Les réponses de Lionel Jospin
Parti Socialiste

 

LA BREVETABILITÉ DES LOGICIELS
L’industrie du logiciel est essentielle au développement économique, domaine où la France est particulièrement innovante. Depuis quelques années sous la pression de l’Amérique du Nord, l’Office Européen des Brevets a ouvert largement la porte à la brevetabilité des logiciels. Le 20 février 2002, la Commission européenne a publié une proposition de directive européenne destinée à réglementer les inventions mettant en œuvre un programme d’ordinateur.
 

Dans une lettre du 28 février 2002 adressée à la commission européenne, Christian Pierret, secrétaire d’Etat à l’industrie du Gouvernement de Lionel Jospin, a notamment déclaré que "le Gouvernement français souhaite écarter tout projet qui aurait des conséquences négatives pour l'innovation en Europe, pour l'interopérabilité et les logiciels libres et pour l'ensemble des acteurs (éditeurs, intégrateurs, utilisateurs), notamment les PME".

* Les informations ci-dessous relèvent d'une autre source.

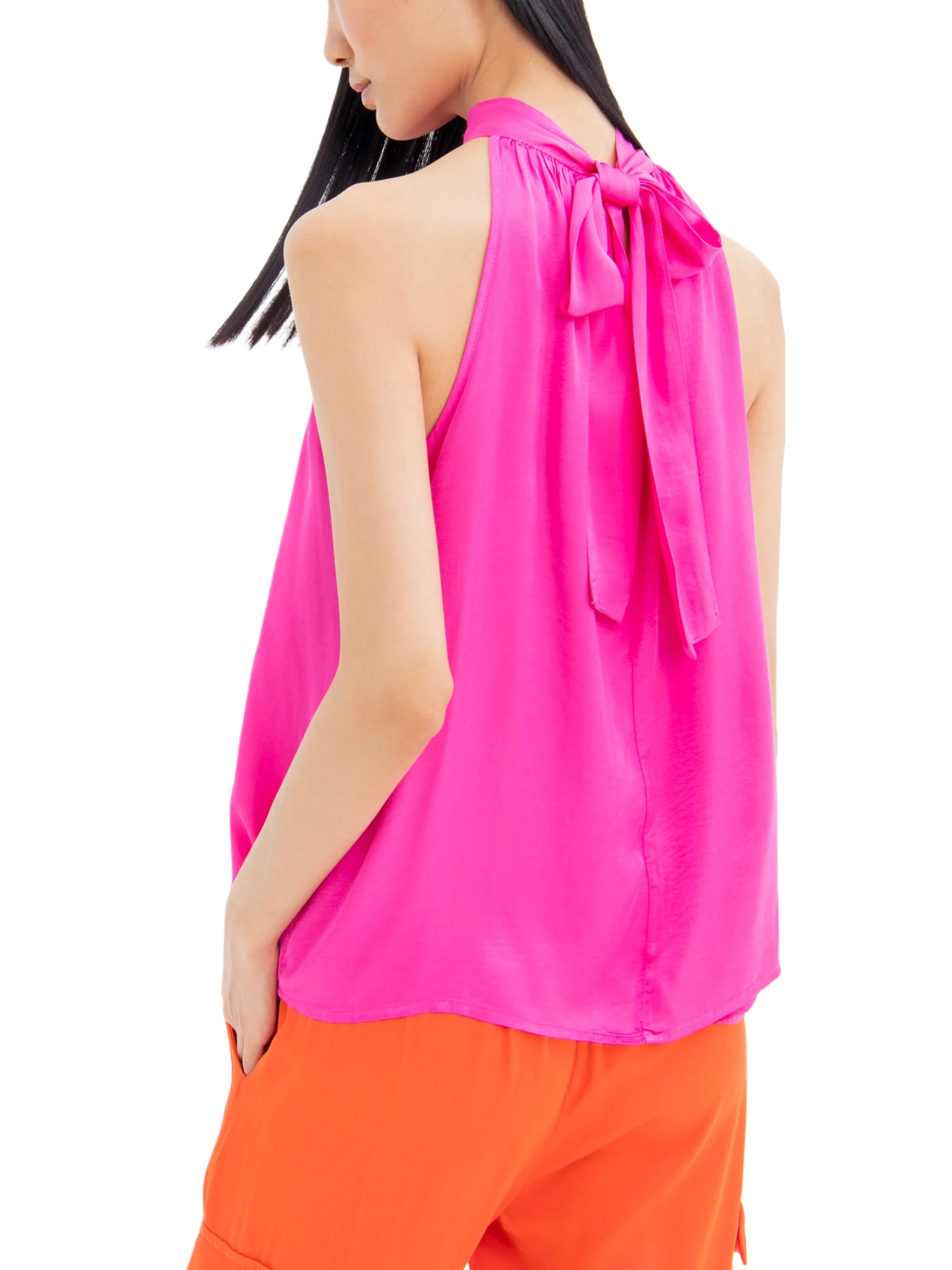 Bluse Rosa Fracomina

La lettre de Pierret est en ligne sur le dossier "brevetabilité des inventions logicielles" du site Industrie (http://www.industrie.gouv.fr/observat/innov/carrefour/sompi.htm)

 
 
LA REDEVANCE POUR COPIE PRIVÉE
En matière de logiciel, la copie privée est formellement interdite. Ce qui explique que les auteurs de logiciels ne perçoivent pas la rémunération pour copie privée.
 
Je suis attaché à ce système qui autorise les copies privées des œuvres pour autant, d'une part que l'usage demeure familial et, d'autre part, que les auteurs bénéficient d'une contrepartie équitable au titre de ces copies. Cette contrepartie, sous la forme d'un prélèvement forfaitaire sur les supports qui servent à effectuer les copies, est justifiée dès lors que les auteurs renoncent à leur droit d'autoriser la copie de leur œuvre. Ce mécanisme a largement fait ses preuves, et vient d'ailleurs d'être consacré par la directive européenne sur les droits d'auteurs et droits voisins dans la société de l'information.
Le système a très bien fonctionné pour les supports amovibles (cassettes audio, VHS, DVD). Il devra être progressivement étendu aux supports intégrés dédiés à la copie d'œuvres (magnétoscope et décodeurs numériques, lecteurs MP 3). Cette adaptation est parfaitement légitime dès lors qu'elle intervient après une large concertation, de manière transparente, et à des niveaux de prélèvement raisonnables. En revanche cette rémunération ne devrait pas couvrir en l'état actuel les disques durs des ordinateurs, souvent destinés à des usages professionnels, et qui ne sont pas spécifiquement dédiés à la copie des œuvres.
Mon attachement à la nature privée de cette rémunération, qui bénéficie aux auteurs et au soutien à la création me conduit à m'écarter de certaines propositions. Je ne suis pas favorable à la fiscalisation de cette rémunération. Je suis aussi opposé aux alternatives proposées par la droite qui met en avant de nouvelles possibilités techniques qui la rendrait désuète. Cette piste est dangereuse pour les créateurs, mais aussi pour les citoyens qui seraient privés du droit de copier légalement des œuvres à titre privé. Il convient en effet de ne pas créer d'amalgame entre le piratage illicite et la copie privée.